:: Problem description ::
Return every record exactly as written.

(Brief descriptive captions)
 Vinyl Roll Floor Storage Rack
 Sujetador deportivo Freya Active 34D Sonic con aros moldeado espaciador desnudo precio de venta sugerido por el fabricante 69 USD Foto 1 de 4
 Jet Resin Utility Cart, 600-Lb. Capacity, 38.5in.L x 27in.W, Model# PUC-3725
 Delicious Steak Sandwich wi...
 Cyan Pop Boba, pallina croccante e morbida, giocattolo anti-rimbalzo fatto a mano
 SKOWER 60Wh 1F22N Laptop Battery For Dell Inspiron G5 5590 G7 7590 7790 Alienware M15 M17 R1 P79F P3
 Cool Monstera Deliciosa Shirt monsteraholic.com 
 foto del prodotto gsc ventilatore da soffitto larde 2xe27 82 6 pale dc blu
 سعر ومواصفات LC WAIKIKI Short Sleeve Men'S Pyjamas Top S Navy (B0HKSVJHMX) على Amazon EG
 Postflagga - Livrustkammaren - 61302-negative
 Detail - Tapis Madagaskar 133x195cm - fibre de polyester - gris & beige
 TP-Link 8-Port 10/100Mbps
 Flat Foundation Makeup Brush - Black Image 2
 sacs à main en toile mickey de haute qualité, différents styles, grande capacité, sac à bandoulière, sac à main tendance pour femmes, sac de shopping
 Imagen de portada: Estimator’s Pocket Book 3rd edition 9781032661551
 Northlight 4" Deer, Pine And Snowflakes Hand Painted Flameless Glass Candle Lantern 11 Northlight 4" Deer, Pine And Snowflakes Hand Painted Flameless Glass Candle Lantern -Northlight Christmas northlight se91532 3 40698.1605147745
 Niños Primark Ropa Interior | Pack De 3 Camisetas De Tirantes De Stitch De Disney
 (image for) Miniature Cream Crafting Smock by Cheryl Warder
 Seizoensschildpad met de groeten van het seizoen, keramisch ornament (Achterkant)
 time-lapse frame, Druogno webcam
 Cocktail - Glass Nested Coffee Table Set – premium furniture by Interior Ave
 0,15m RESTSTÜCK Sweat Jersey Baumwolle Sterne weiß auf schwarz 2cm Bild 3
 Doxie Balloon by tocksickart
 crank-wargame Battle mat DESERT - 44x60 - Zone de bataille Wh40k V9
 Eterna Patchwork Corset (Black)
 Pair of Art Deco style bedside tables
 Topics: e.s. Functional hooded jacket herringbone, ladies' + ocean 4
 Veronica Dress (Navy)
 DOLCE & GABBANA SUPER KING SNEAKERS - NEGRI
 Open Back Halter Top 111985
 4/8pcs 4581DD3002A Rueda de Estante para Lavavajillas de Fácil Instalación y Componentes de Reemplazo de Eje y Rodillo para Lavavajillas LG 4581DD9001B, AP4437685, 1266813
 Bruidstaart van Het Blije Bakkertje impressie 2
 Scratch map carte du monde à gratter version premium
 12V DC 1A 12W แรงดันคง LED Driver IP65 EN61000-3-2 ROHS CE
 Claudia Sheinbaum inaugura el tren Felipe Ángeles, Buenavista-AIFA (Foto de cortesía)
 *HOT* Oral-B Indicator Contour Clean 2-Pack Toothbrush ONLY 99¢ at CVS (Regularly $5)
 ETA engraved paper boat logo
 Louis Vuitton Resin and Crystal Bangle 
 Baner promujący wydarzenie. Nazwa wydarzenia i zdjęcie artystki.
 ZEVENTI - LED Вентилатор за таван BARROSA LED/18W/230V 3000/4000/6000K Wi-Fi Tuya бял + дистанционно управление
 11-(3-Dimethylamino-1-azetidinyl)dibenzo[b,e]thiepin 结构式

:: Completed exercise ::
 Vinyl Roll Floor Storage Rack
 Sujetador deportivo Freya Active 34D Sonic con aros moldeado espaciador desnudo precio de venta sugerido por el fabricante 69 USD Foto 1 de 4
 Jet Resin Utility Cart, 600-Lb. Capacity, 38.5in.L x 27in.W, Model# PUC-3725
 Delicious Steak Sandwich wi...
 Cyan Pop Boba, pallina croccante e morbida, giocattolo anti-rimbalzo fatto a mano
 SKOWER 60Wh 1F22N Laptop Battery For Dell Inspiron G5 5590 G7 7590 7790 Alienware M15 M17 R1 P79F P3
 Cool Monstera Deliciosa Shirt monsteraholic.com 
 foto del prodotto gsc ventilatore da soffitto larde 2xe27 82 6 pale dc blu
 سعر ومواصفات LC WAIKIKI Short Sleeve Men'S Pyjamas Top S Navy (B0HKSVJHMX) على Amazon EG
 Postflagga - Livrustkammaren - 61302-negative
 Detail - Tapis Madagaskar 133x195cm - fibre de polyester - gris & beige
 TP-Link 8-Port 10/100Mbps
 Flat Foundation Makeup Brush - Black Image 2
 sacs à main en toile mickey de haute qualité, différents styles, grande capacité, sac à bandoulière, sac à main tendance pour femmes, sac de shopping
 Imagen de portada: Estimator’s Pocket Book 3rd edition 9781032661551
 Northlight 4" Deer, Pine And Snowflakes Hand Painted Flameless Glass Candle Lantern 11 Northlight 4" Deer, Pine And Snowflakes Hand Painted Flameless Glass Candle Lantern -Northlight Christmas northlight se91532 3 40698.1605147745
 Niños Primark Ropa Interior | Pack De 3 Camisetas De Tirantes De Stitch De Disney
 (image for) Miniature Cream Crafting Smock by Cheryl Warder
 Seizoensschildpad met de groeten van het seizoen, keramisch ornament (Achterkant)
 time-lapse frame, Druogno webcam
 Cocktail - Glass Nested Coffee Table Set – premium furniture by Interior Ave
 0,15m RESTSTÜCK Sweat Jersey Baumwolle Sterne weiß auf schwarz 2cm Bild 3
 Doxie Balloon by tocksickart
 crank-wargame Battle mat DESERT - 44x60 - Zone de bataille Wh40k V9
 Eterna Patchwork Corset (Black)
 Pair of Art Deco style bedside tables
 Topics: e.s. Functional hooded jacket herringbone, ladies' + ocean 4
 Veronica Dress (Navy)
 DOLCE & GABBANA SUPER KING SNEAKERS - NEGRI
 Open Back Halter Top 111985
 4/8pcs 4581DD3002A Rueda de Estante para Lavavajillas de Fácil Instalación y Componentes de Reemplazo de Eje y Rodillo para Lavavajillas LG 4581DD9001B, AP4437685, 1266813
 Bruidstaart van Het Blije Bakkertje impressie 2
 Scratch map carte du monde à gratter version premium
 12V DC 1A 12W แรงดันคง LED Driver IP65 EN61000-3-2 ROHS CE
 Claudia Sheinbaum inaugura el tren Felipe Ángeles, Buenavista-AIFA (Foto de cortesía)
 *HOT* Oral-B Indicator Contour Clean 2-Pack Toothbrush ONLY 99¢ at CVS (Regularly $5)
 ETA engraved paper boat logo
 Louis Vuitton Resin and Crystal Bangle 
 Baner promujący wydarzenie. Nazwa wydarzenia i zdjęcie artystki.
 ZEVENTI - LED Вентилатор за таван BARROSA LED/18W/230V 3000/4000/6000K Wi-Fi Tuya бял + дистанционно управление
 11-(3-Dimethylamino-1-azetidinyl)dibenzo[b,e]thiepin 结构式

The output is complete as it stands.